]> git.apps.os.sepia.ceph.com Git - ceph.git/commitdiff
osd: update PGRecovery queue item cost to reflect object size
authorSridhar Seshasayee <sseshasa@redhat.com>
Thu, 2 Feb 2023 10:00:26 +0000 (15:30 +0530)
committerSridhar Seshasayee <sseshasa@redhat.com>
Thu, 27 Apr 2023 13:11:22 +0000 (18:41 +0530)
Previously, we used a static value of osd_recovery_cost (20M
by default) for PGRecovery. For pools with relatively small
objects, this causes mclock to backfill very very slowly as
20M massively overestimates the amount of IO each recovery
queue operation requires. Instead, add a cost_per_object
parameter to OSDService::awaiting_throttle and set it to the
average object size in the PG being queued.

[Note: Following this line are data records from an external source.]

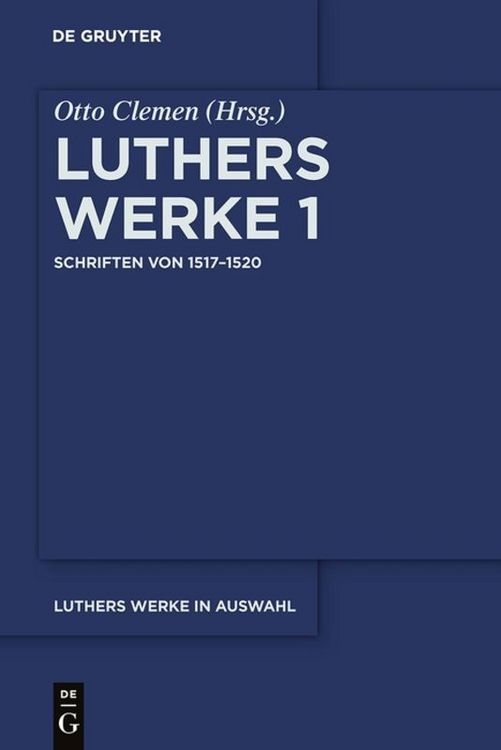 Produktbild: Schriften von 1517&ndash;1520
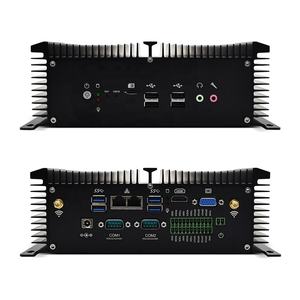 <span class=keywords><strong>Pas</strong></span> <span class=keywords><strong>cher</strong></span> prix 4lan ordinateur industriel dans <span class=keywords><strong>tel</strong></span> core 6157U ddr4 10USB 12COM 24 heures <span class=keywords><strong>de</strong></span> travail dissipation <span class=keywords><strong>de</strong></span> la chaleur ITX mini pc case - Product Image 2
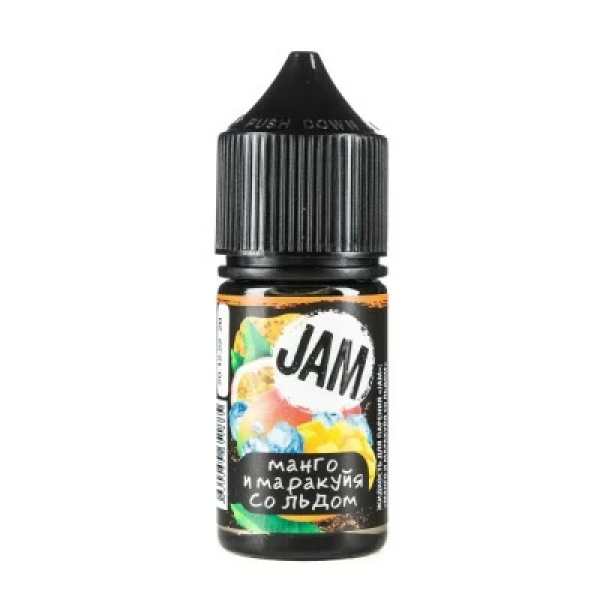 Жидкость Jam Suprime Salt Манго и Маракуйя со Льдом (30 мл, 50 мг/мл) в Сочи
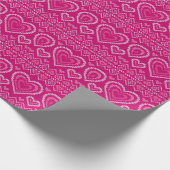 Valentinstag Gezwirntes Muster 2 Geschenkpapier (Ecke)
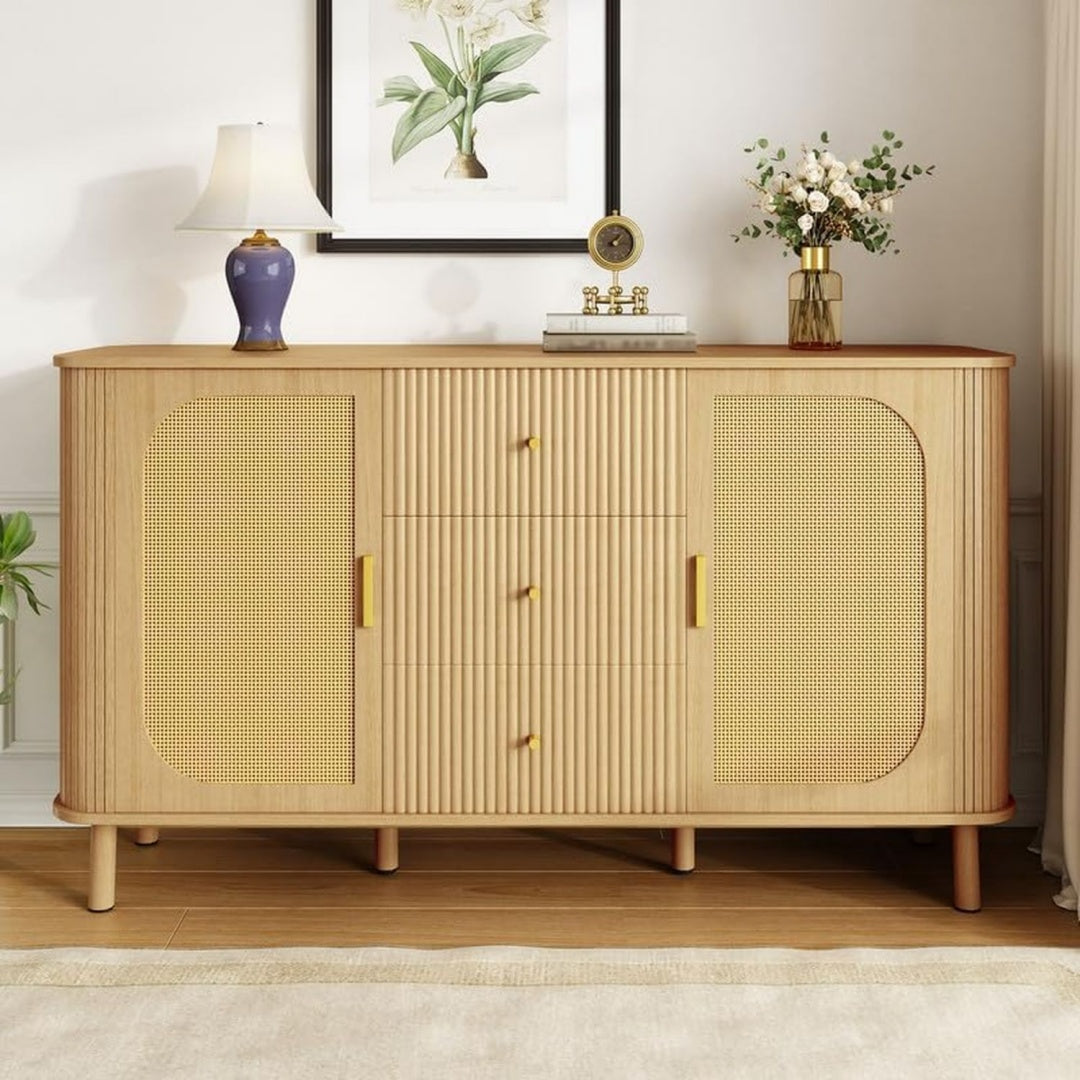 Credence marron, bois, style elegant pour la maison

Fixes: https://tracker.ceph.com/issues/58606
Signed-off-by: Samuel Just <sjust@redhat.com>
Signed-off-by: Sridhar Seshasayee <sseshasa@redhat.com>
src/osd/OSD.cc
src/osd/OSD.h
src/osd/PG.cc

index 68ff1702d9a667a678fb61d2b269e184843f5277..4fca8a48b87dadf4c6556effed95544daf52d86f 100644 (file)

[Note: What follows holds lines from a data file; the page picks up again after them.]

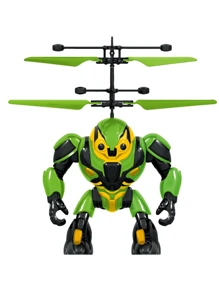 Gesture Sensing Hover Aircraft Sci-Fi Warrior Sensing Levitation Flying Toy, Smart Gesture Sensing Crash-Resistant Levitating Mecha Aircraft Helicopter Drone Toy Gift For Children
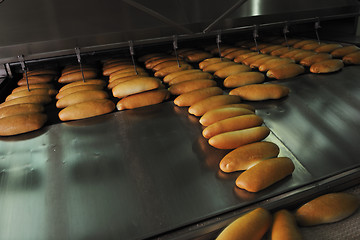 Image showing bread factory production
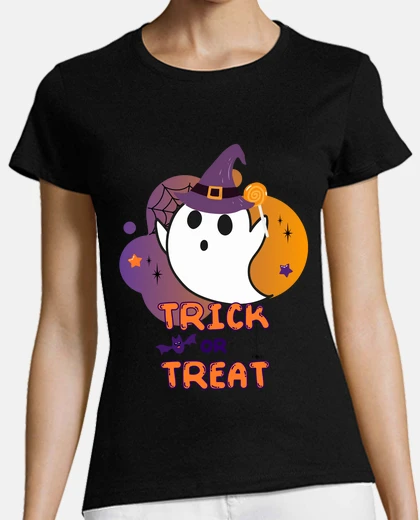 T-shirt fantasma inspector dolci di halloween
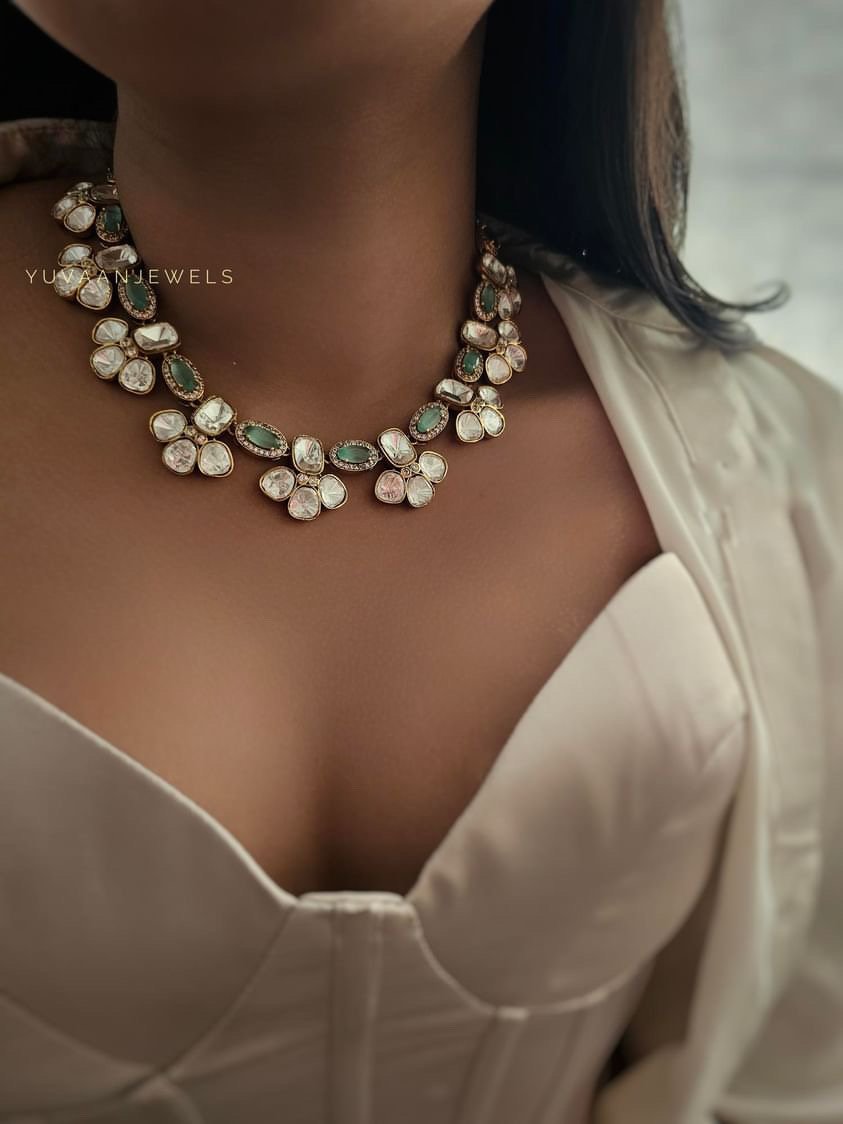 Sutra Polki Necklace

@@ -2039,20 +2039,36 @@ void OSDService::prune_sent_ready_to_merge(const OSDMapRef& osdmap)
 // ---
 
 void OSDService::_queue_for_recovery(
-  std::pair<epoch_t, PGRef> p,
+  pg_awaiting_throttle_t p,
   uint64_t reserved_pushes)
 {
   ceph_assert(ceph_mutex_is_locked_by_me(recovery_lock));
+
+  uint64_t cost_for_queue = [this, &reserved_pushes, &p] {
+    if (cct->_conf->osd_op_queue == "mclock_scheduler") {
+      return p.cost_per_object * reserved_pushes;
+    } else {
+      /* We retain this legacy behavior for WeightedPriorityQueue. It seems to
+       * require very large costs for several messages in order to do any
+       * meaningful amount of throttling.  This branch should be removed after
+       * Reef.
+       */
+      return cct->_conf->osd_recovery_cost;
+    }
+  }();
+
   enqueue_back(
     OpSchedulerItem(
       unique_ptr<OpSchedulerItem::OpQueueable>(
        new PGRecovery(
-         p.second->get_pgid(), p.first, reserved_pushes)),
-      cct->_conf->osd_recovery_cost,
+         p.pg->get_pgid(),
+         p.epoch_queued,
+          reserved_pushes)),
+      cost_for_queue,
       cct->_conf->osd_recovery_priority,
       ceph_clock_now(),
       0,
-      p.first));
+      p.epoch_queued));
 }
 
 // ====================================================================
index 88f75cc93eb9885b5fc09e2aa7071a37665a0e31..ad000a0d1d8e2e8fd70be1b49d4c61db231201a3 100644 (file)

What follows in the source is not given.